Setup
While I was doing the Advent of Code 2022, I stumbled upon a pattern that should be expressible in safe Rust, but is beyond the understanding of the borrow checker. Although its use cases are probably rather niche, I still found it potentially useful. Anyway, it’s a good exercise to understand more about the borrow checker, by seeing its limitations.
The problem in question was day 23. I’m going to greatly simplify the problem for the sake of the exercise:
- You have a potentially infinite array (in both directions) of elves.
- Every turn, each elf checks whether the space to the right is free, in which case they decide to jump to the right. Otherwise, they do the same to the left.
- Once each elf has decided, they jump to their destination. In case of conflict (two elves landing in the same spot), both elves stay where they are.

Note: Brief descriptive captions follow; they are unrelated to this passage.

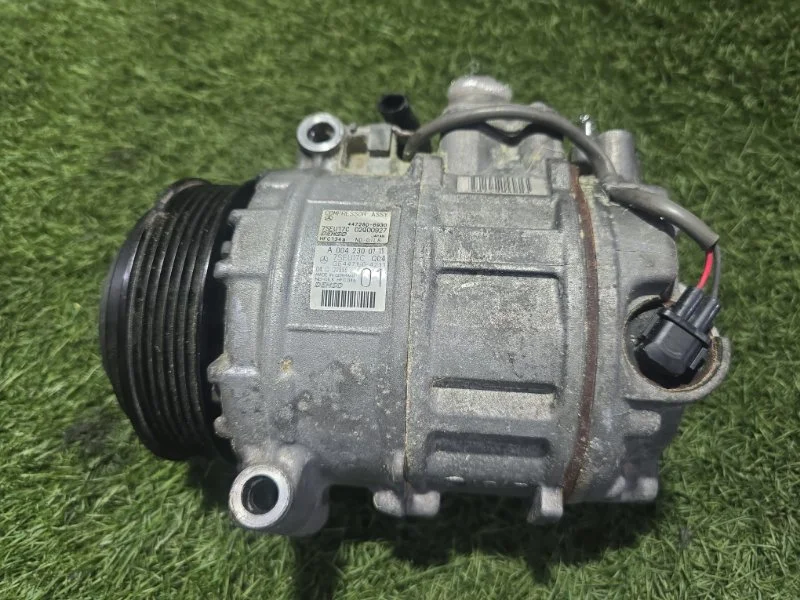 Компрессор кондиционера Mercedes-Benz S кл 222 278 - изображение 1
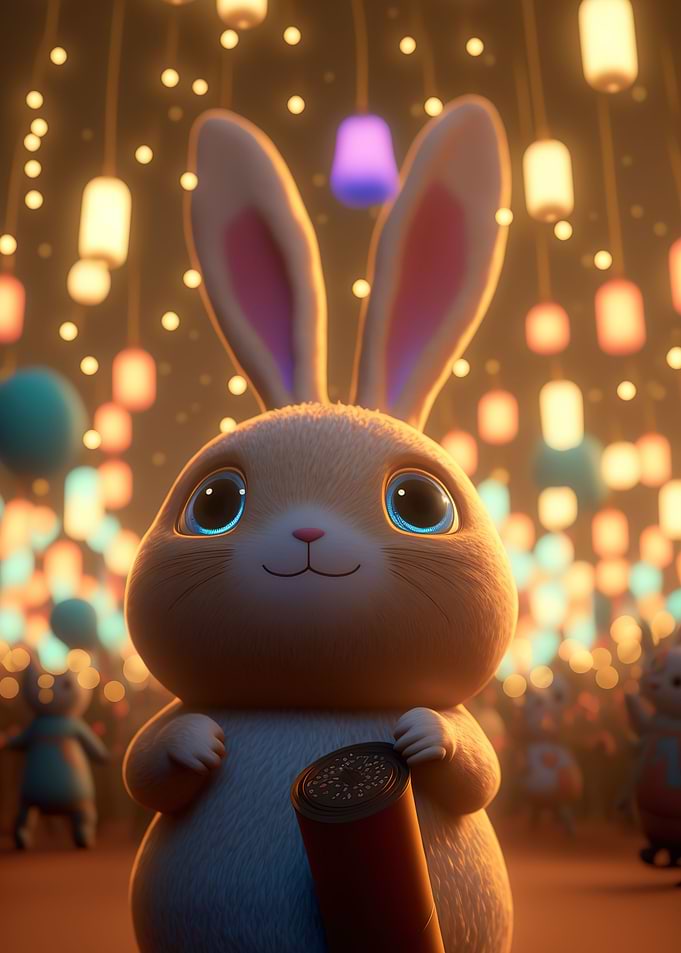 rabbit baby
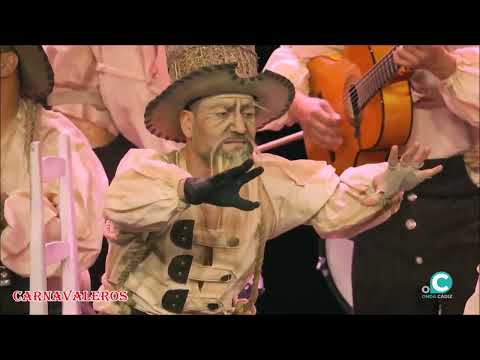 Comparsa La jaula de las locas. Preliminares. Popurrí.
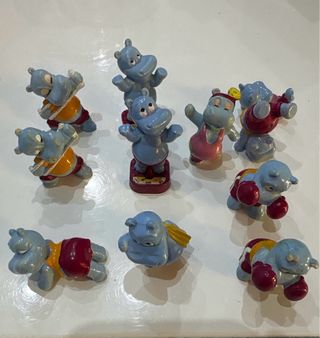 Sorprese Kinder Happypotami - Iopopotami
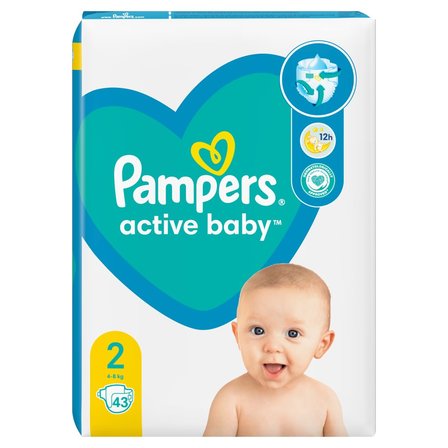 pampers active fit size 4 nappy pants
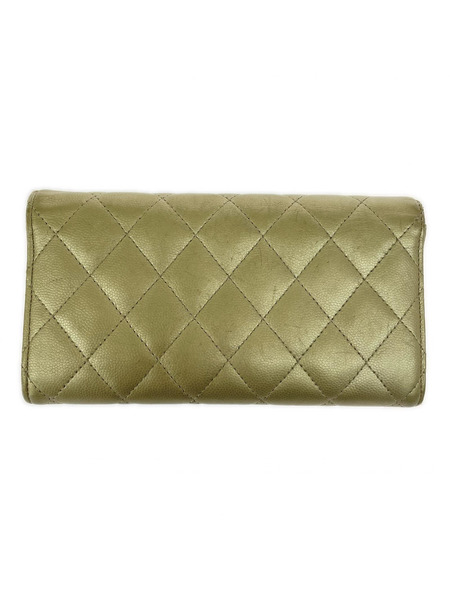 長財布 マトラッセ キャビアスキン ココマーク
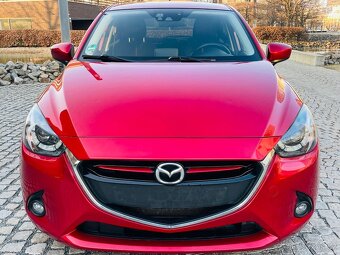 Mazda 2 85KW BENZÍN 1MAJITEL LED VÝHŘEV FACELIFT BEZ KOROZE - 4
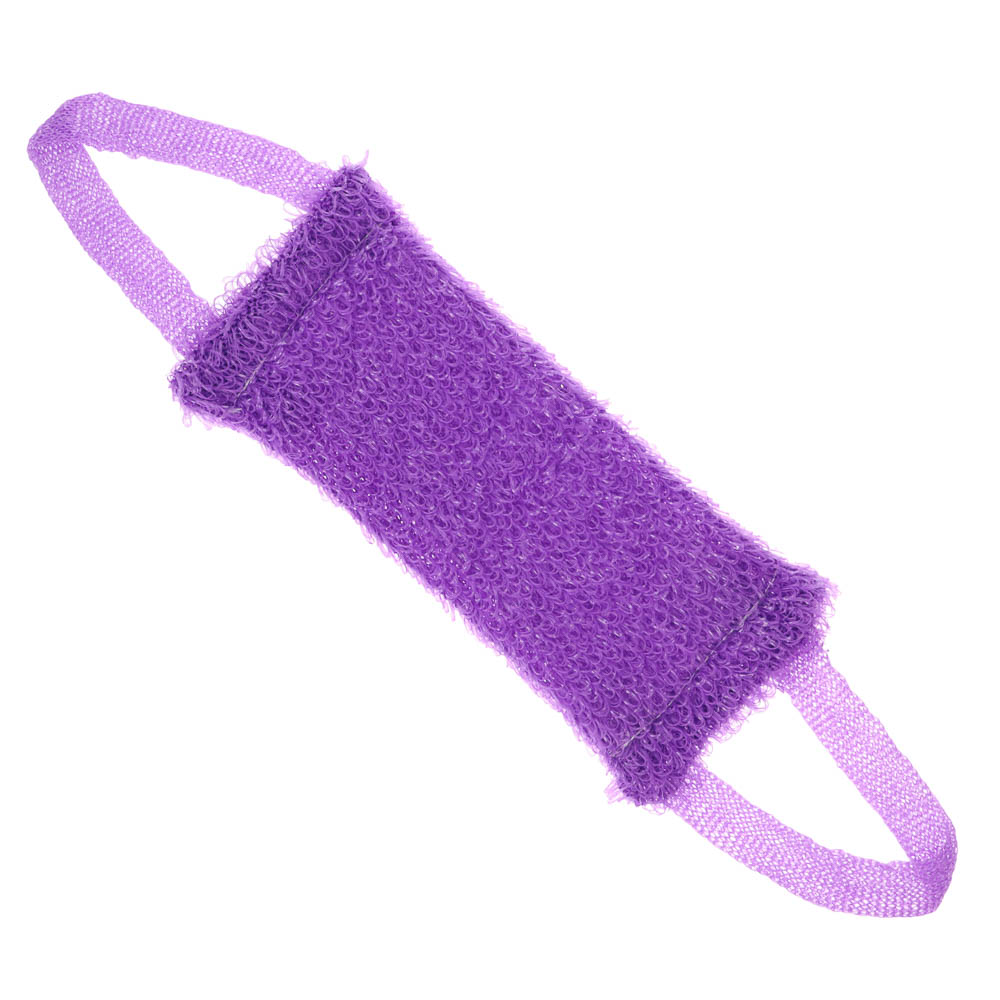 Мочалка банная с ручками эконом, ПП нить, 36х10см - #7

There are of course many ways to model this problem. Because I was (wrongly) feeling particularly smart at the time, I decided to use a hash map to store only the elves, rather than have an array that is resizeable in both directions.1
For reasons that mostly pertain to the exercise, we’ll store the decision of where to jump in each elf in the map2:
type Position = i64;
struct Elf {
will_jump_to: Option<Position>,
}
This leads us to having an interesting access pattern for the map: we want to iterate the map and update the values based on the other keys in the map. In other words, we want to write something like:
fn update_jumps(map: &mut HashMap<Position, Elf>) {
for (position, mut elf) in map.iter_mut() {
elf.will_jump_to = if map.contains_key(&(position + 1)) {
Some(position + 1)
} else if map.contains_key(&(position - 1)) {
Some(position - 1)
} else {
None
};
}
}
Naively writing that will make us run into the borrow checker: we’re holding a
&mut
reference to map
(when we call .iter_mut()
), but we’re borrowing it
again in map.contains_key
!
error[E0502]: cannot borrow `*map` as immutable because it is also borrowed as mutable
--> src/main.rs:8:27
|
7 | for (position, mut elf) in map.iter_mut() {
| --------------
| |
| mutable borrow occurs here
| mutable borrow later used here
8 | elf.will_jump_to = if map.contains_key(&(position + 1)) {
| ^^^^^^^^^^^^^^^^^^^^^^^^^^^^^^^^^ immutable borrow occurs here
Now, there are various ways to solve this problem (see What can I do instead). But let’s assume that we’re stubborn and really want to have this specific access pattern, since it’s convenient to write and we’re pretty convinced it’s safe.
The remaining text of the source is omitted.